Thomas przebywał razem ze swoją młodą mamą w ośrodku Matki Teresy, przeznaczonym dla samotnych matek. Był to dla niego czas pełen niepewności i zmian, ale również z momentami ciepła i troski, jakie dawała mu jego matka. Jednak los nie był łaskawy – kobieta nagle zniknęła z ośrodka, pozostawiając Thomasa samego.
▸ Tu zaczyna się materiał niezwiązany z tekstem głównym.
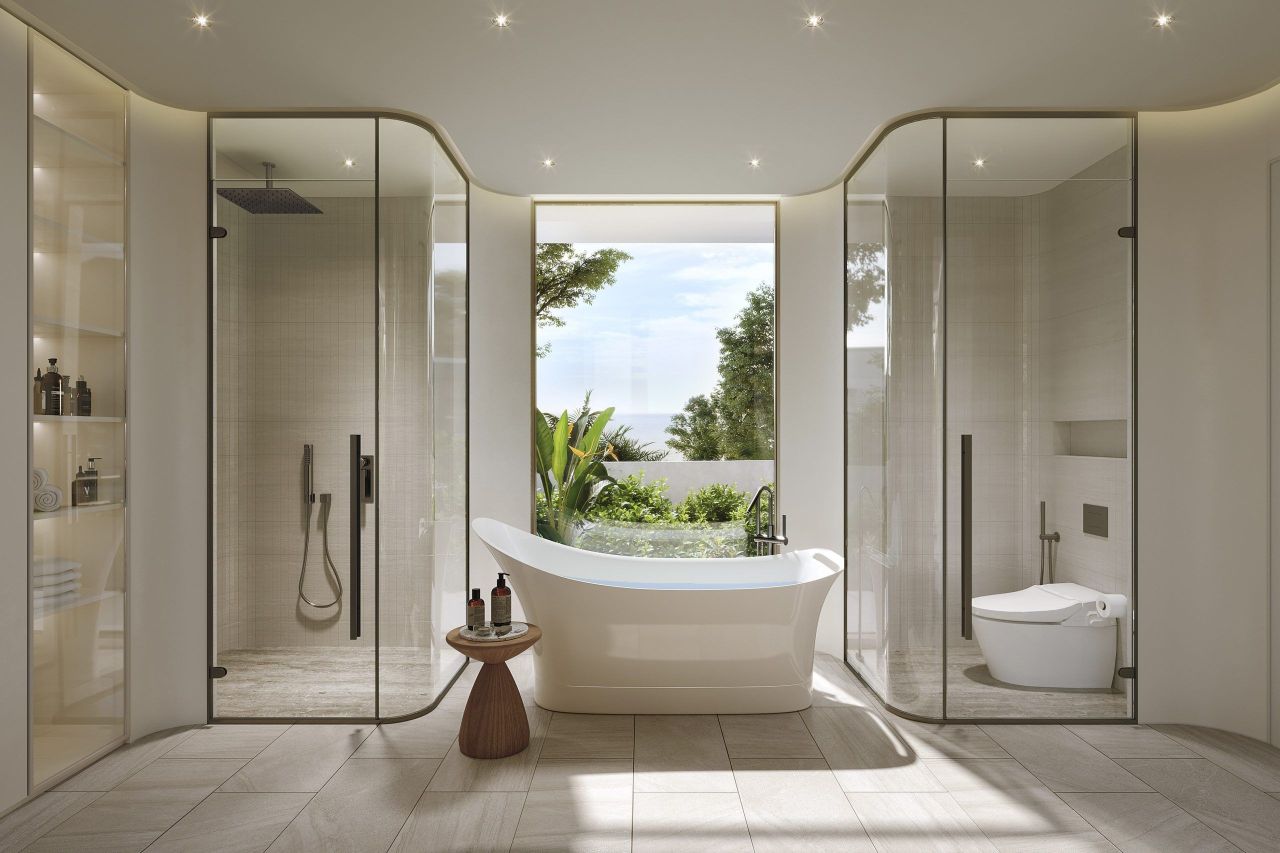 Вилла на пляже Ката, Таиланд, 514 м² - фото 15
Chłopiec nie mógł już dłużej pozostać w tym miejscu, które było przeznaczone wyłącznie dla dzieci w towarzystwie swoich matek. Tak trafił w ręce naszych sióstr w Kasisi, które od razu dały mu mnóstwo miłości i opieki. Tu, dzięki Wam, każdego dnia dbamy o jego rozwój.
W Kasisi opiekujemy się dziećmi, które doznały ogromnych krzywd ze strony innych ludzi. Często trafiają do nas za sprawą matek, które w desperacji ratują swoje pociechy przed atakami osób, które wierzą w magiczne działanie albinoskich kości.
Utrata kończyny znacząco utrudnia codzienne funkcjonowanie, dlatego naszym celem jest zapewnienie im możliwości pełnego korzystania z życia. Chcemy to osiągnąć, zakładając takim dzieciom specjalistyczne protezy, które pozwolą im odzyskać sprawność i radość z każdego dnia.